# Supplied records
====

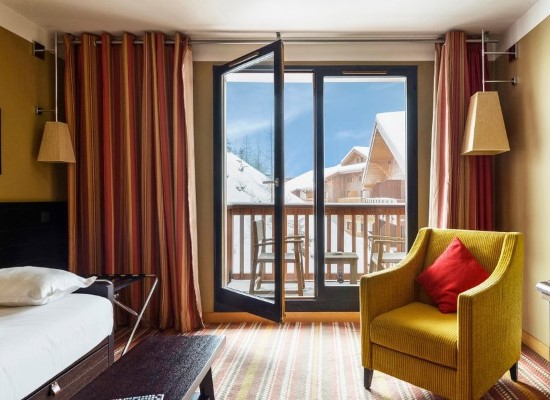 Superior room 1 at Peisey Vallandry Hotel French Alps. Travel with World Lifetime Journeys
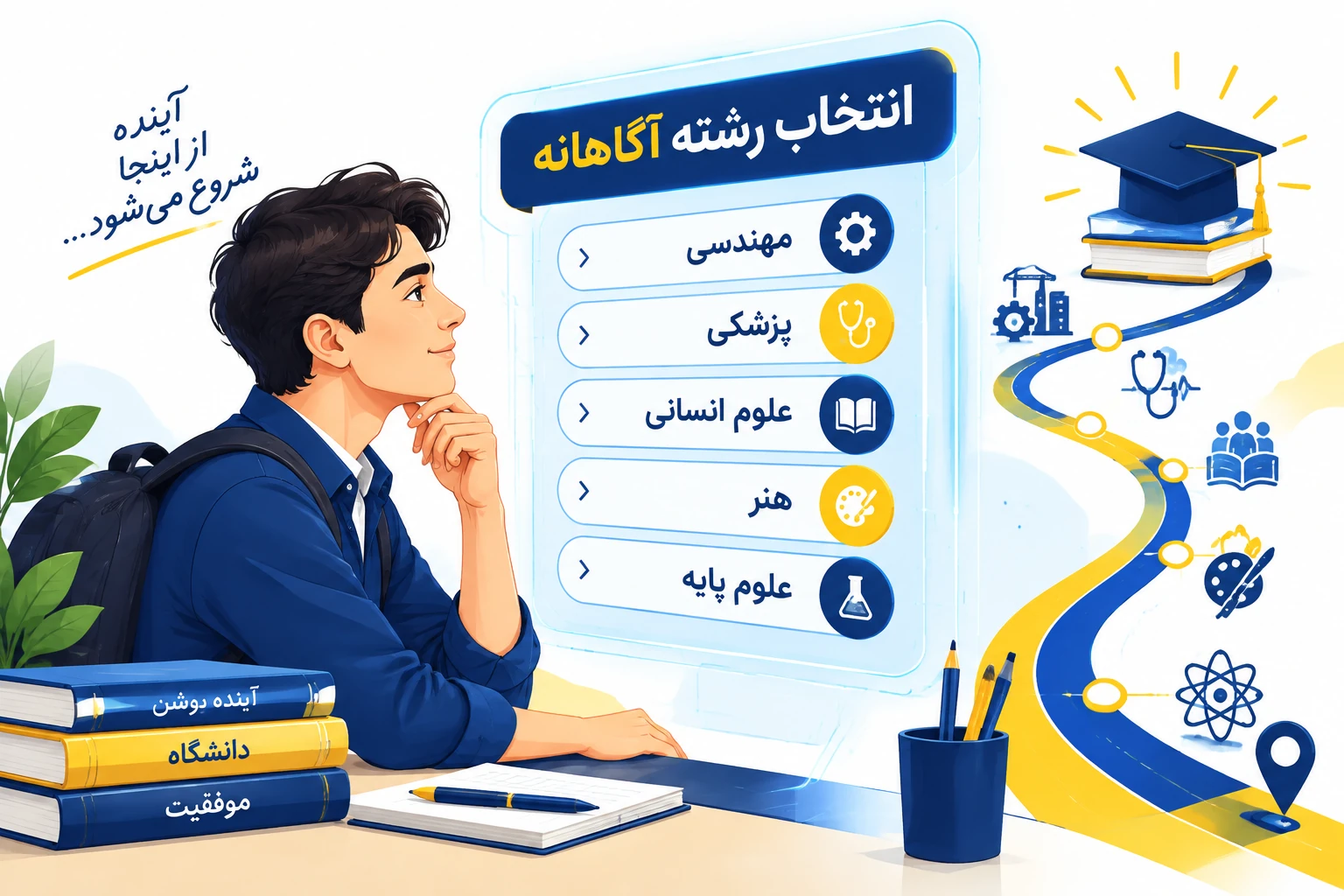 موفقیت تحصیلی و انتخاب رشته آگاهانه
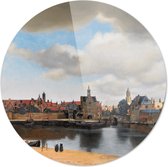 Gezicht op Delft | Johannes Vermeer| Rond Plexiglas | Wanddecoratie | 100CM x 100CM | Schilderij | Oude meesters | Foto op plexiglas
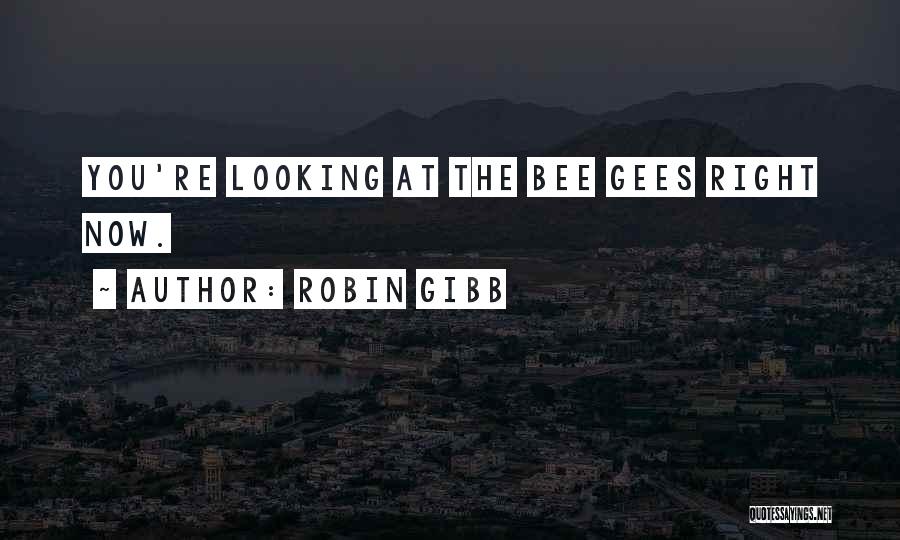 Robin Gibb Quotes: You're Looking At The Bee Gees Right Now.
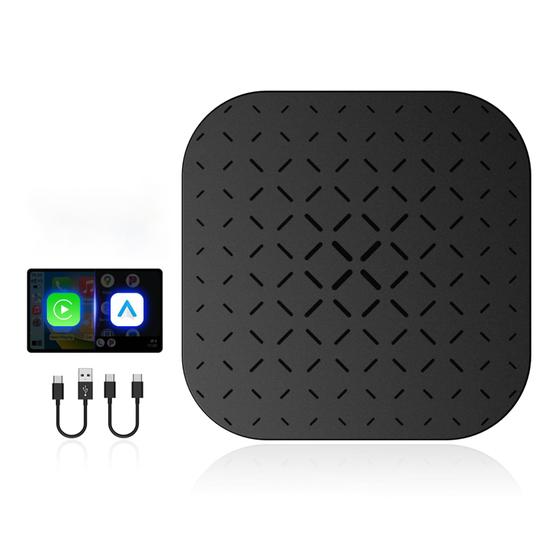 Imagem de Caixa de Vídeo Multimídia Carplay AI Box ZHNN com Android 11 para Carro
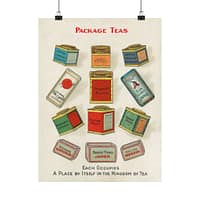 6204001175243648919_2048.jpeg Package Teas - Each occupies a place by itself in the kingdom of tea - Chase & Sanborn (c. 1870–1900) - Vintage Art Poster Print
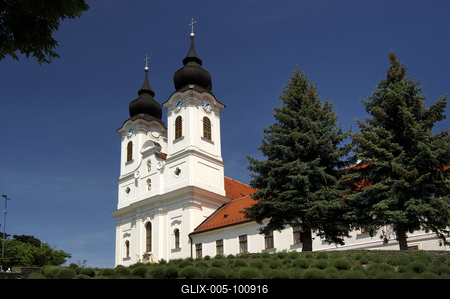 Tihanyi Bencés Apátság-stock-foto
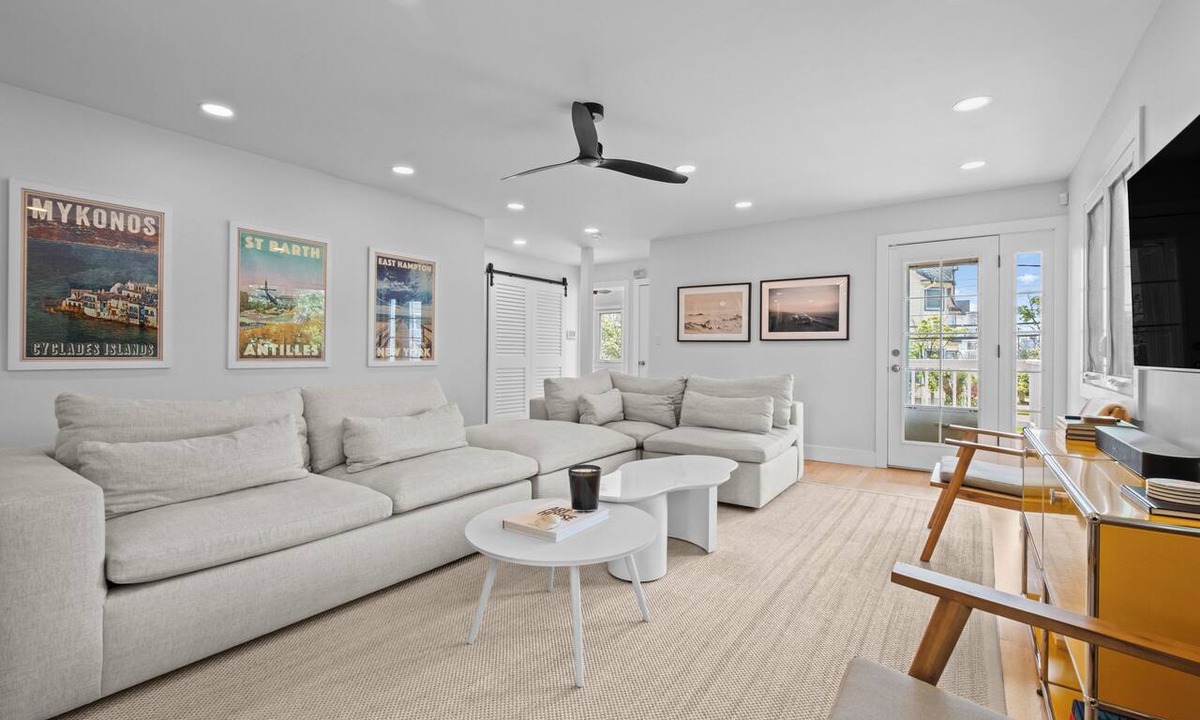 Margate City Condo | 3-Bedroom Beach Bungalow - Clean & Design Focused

====

# What is expected
An exact copy of every record above is required, with all pictures omitted.

# Task answer
 Superior room 1 at Peisey Vallandry Hotel French Alps. Travel with World Lifetime Journeys
 موفقیت تحصیلی و انتخاب رشته آگاهانه
 Gezicht op Delft | Johannes Vermeer| Rond Plexiglas | Wanddecoratie | 100CM x 100CM | Schilderij | Oude meesters | Foto op plexiglas
 Robin Gibb Quotes: You're Looking At The Bee Gees Right Now.
 Imagem de Caixa de Vídeo Multimídia Carplay AI Box ZHNN com Android 11 para Carro
 6204001175243648919_2048.jpeg Package Teas - Each occupies a place by itself in the kingdom of tea - Chase & Sanborn (c. 1870–1900) - Vintage Art Poster Print
 Tihanyi Bencés Apátság-stock-foto
 Margate City Condo | 3-Bedroom Beach Bungalow - Clean & Design Focused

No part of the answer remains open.